Wajar jika kemudian para kandidat tersebut ingin dilirik atau didukung keluarga Jayabaya. Karena, keluarga Jayabaya memiliki keunggulan dibandingkan kandidat lain yang telah bermunculan. Modal kapital yang besar, popularitas, dan jaringan di masyarakat maupun di birokrasi menjadi kekuatan yang sulit ditumbangkan.
Bahkan, di kalangan jurnalis Lebak muncul istilah, hanya orang gila yang berani melawan keluarga mantan Bupati Lebak Mulyadi Jayabaya. Kondisi tersebut membuat para calon kandidat pada pilkada 2018 tidak ada yang berani menjadi penantang. Parpol dan kandidat lain akhirnya lebih memilih mendukung keluarga Jayabaya untuk melawan kotak kosong.
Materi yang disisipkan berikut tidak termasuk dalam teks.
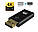 Перехідник адаптер DisplayPort на HDMI 4K ULTRA HD конвертер перетворювач, фото 2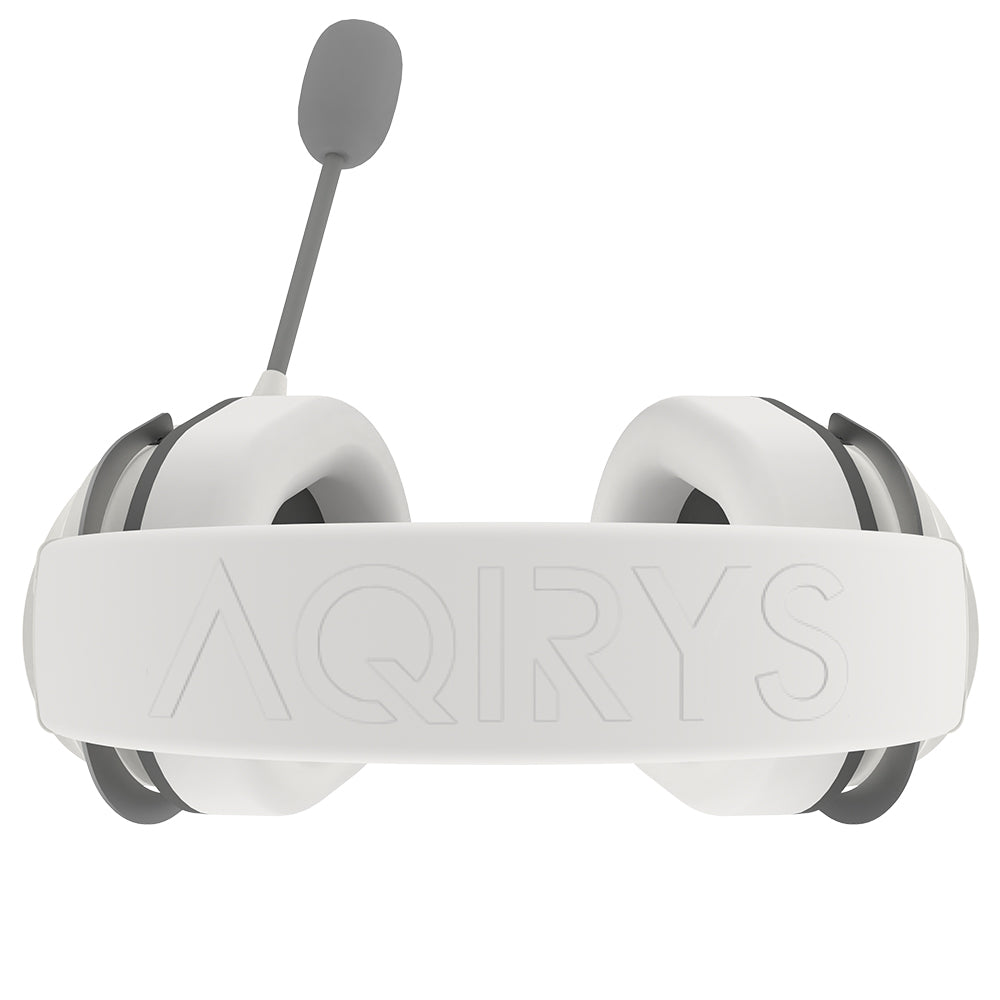 Casti AQIRYS Altair White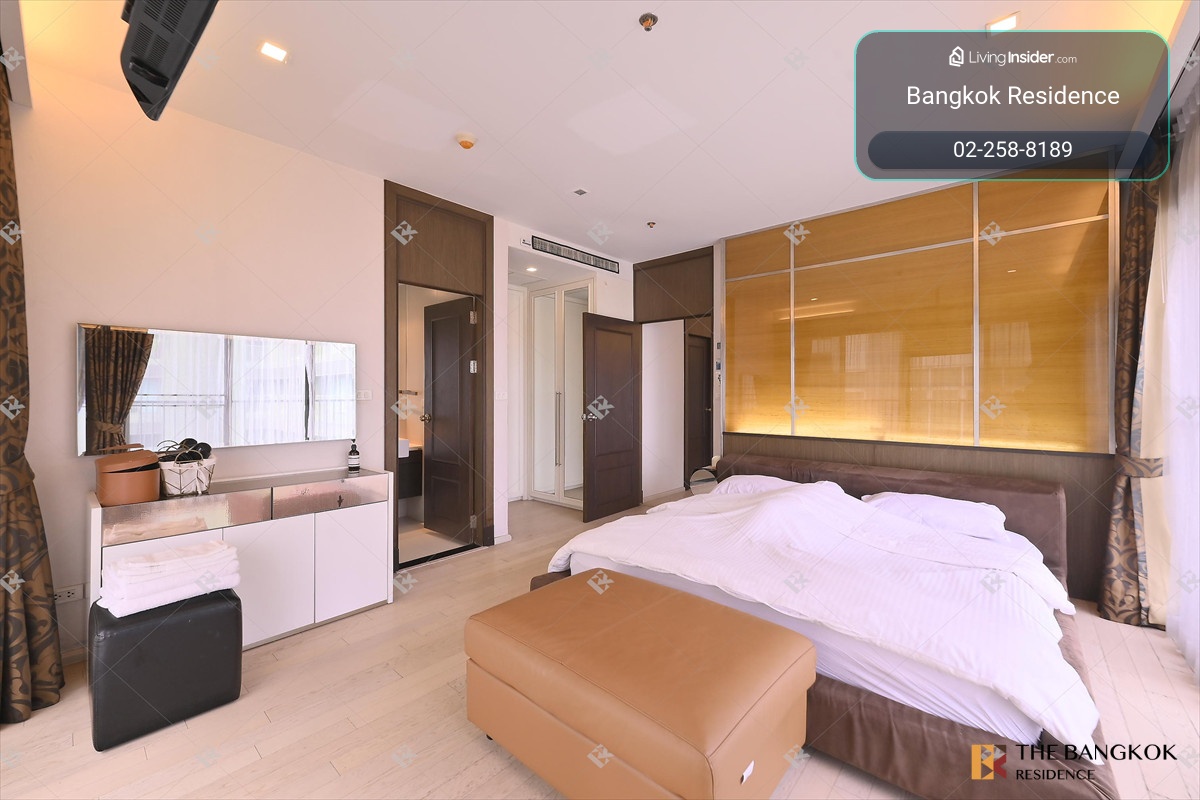เช่าคอนโด 🌇Noble Solo 2นอน 100ตร.ม. 45k 💚 ยูนิตว่าง พร้อมเช่า ใกล้ ARL คลองตัน  – รูปที่ 4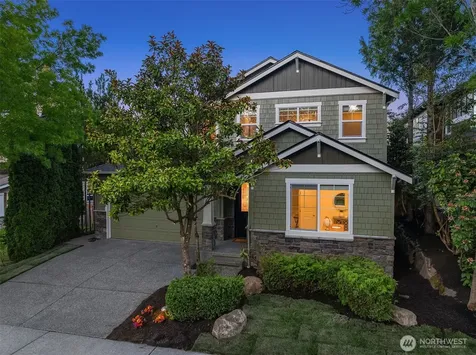 1226 269th Court SE Sammamish WA 98075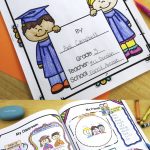 End Of Year Memory Book *free | Raise The Bar Reading Resources   Free Printable Pre K Reading Books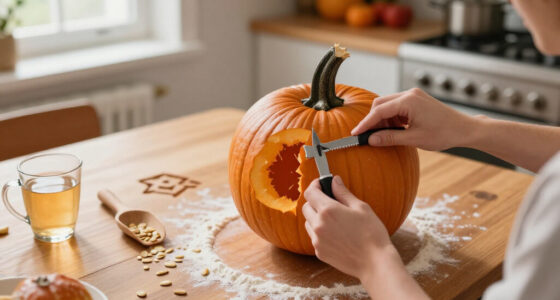 14 Best Pumpkin Carving Kits for Halloween Projects in 2027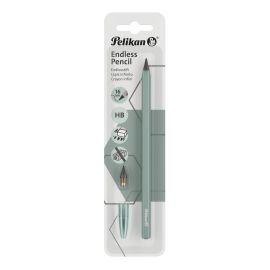 Endless Pencil, Pelikan sort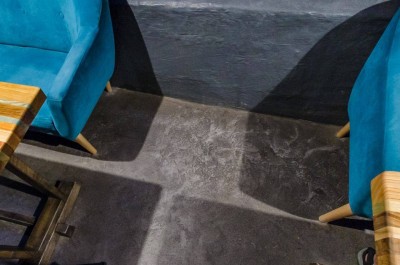 Лінія Флор. Marmorino & Travertino Floor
Pada pilkada 2023, penulis memprediksi ‘Dinasti’ Jayabaya akan kembali memborong partai politik. Tapi, karena periode kepemimpinan Iti Octavia Jayabaya akan berakhir dan dirinya tidak bisa maju lagi dalam kontestasi maka potensi munculnya penantang ‘Dinasti’ Jayabaya cukup besar. Dari keluarga Mulyadi Jayabaya atau yang karib disapa JB, ada dua nama yang telah dimunculkan, yakni pengusaha muda Moch Nabil Jayabaya dan kakaknya anggota Fraksi PDI Perjuangan DPR RI M Hasbi Assidiky Jayabaya. Bahkan, muncul kabar burung, bahwa JB akan mendukung mantan Wakil Bupati Lebak Amir Hamzah untuk disandingkan dengan anggota keluarga Jayabaya.
Kemunculan calon penantang ‘Dinasti’ Jayabaya tentu sangat dinantikan masyarakat Lebak. Menang kalah dalam sebuah kontestasi merupakan hal biasa. Namun, bukan tidak mungkin, kandidat yang memiliki keberanian tersebut bakal menjadi suksesor Bupati Iti Octavia Jayabaya. Apalagi, di beberapa daerah di Indonesia, petahana berhasil ditumbangkan, seperti di Cilegon. Ratu Ati Marliati yang merupakan puteri dari mantan Walikota Aat Syafaat, didukung partai besar, memiliki modal kapiltal, jaringan di masyarakat dan birokrasi, secara mengejutkan kalah oleh pasangan Heldy–Sanuji yang hanya didukung Partai Berkarya dan PKS.
Di DKI Jakarta, mantan Gubernur Basuki Cahaya Purnama atau yang akrab disapa Ahok juga tumbang oleh Anies Baswedan dan Sandiaga Uno yang waktu itu hanya didukung PKS dan Gerindra. Padahal, parpol dan kekuatan politik nasional serta pemodal mendukung Ahok untuk melanjutkan kepemimpinan di pusat Ibu Kota Negara.
Di Lebak, peta dukungan parpol masih cair. Partai Gerindra sebagai pemenang pemilu legislatif dengan sembilan kursi diyakini memiliki keinginan untuk mengusung kadernya sendiri. Selanjutnya, ada Partai Demokrat dan PDI Perjuangan, masing-masing memiliki tujuh kursi. Dua partai ini merupakan pengusung utama Bupati Iti Octavia Jayabaya dan Wakil Bupati Ade Sumardi. Selanjutnya, Partai Golkar dan PKB yang sama-sama memiliki enam kursi, dan partai menengah ke bawah di yakini akan mengikuti arah angin dari lima partai di atas.
Jadi, tidak ada satu pun parpol yang bisa mengusung calon Bupati dan Wakil Bupati sendirian. Karena itu, parpol yang ada di Lebak harus berkoaliasi untuk bisa mengusung calon kepala daerah pada 2023 yang akan datang. Akankah ada kejutan dalam kontestasi pilkada 2023, seperti pilkada 2013 ketika masa jabatan Mulyadi Jayabaya habis dan muncul nama Wakil Bupati Amir Hamzah–Kasmin dan Pepep Faisaludin–Aang Rasidi. Amir Hamzah dan Pepep tumbang oleh anak mantan Bupati Mulyadi Jayabaya, yakni Iti Octavia Jayabaya-Ade Sumardi.
Menarik ditunggu, siapa yang berani menjadi penantang ‘Dinasti’ Jayabaya pada pilkada 2023 yang akan datang? (*)
Mastur adalah Ketua Pokja Wartawan Harian dan Elektronik Lebak.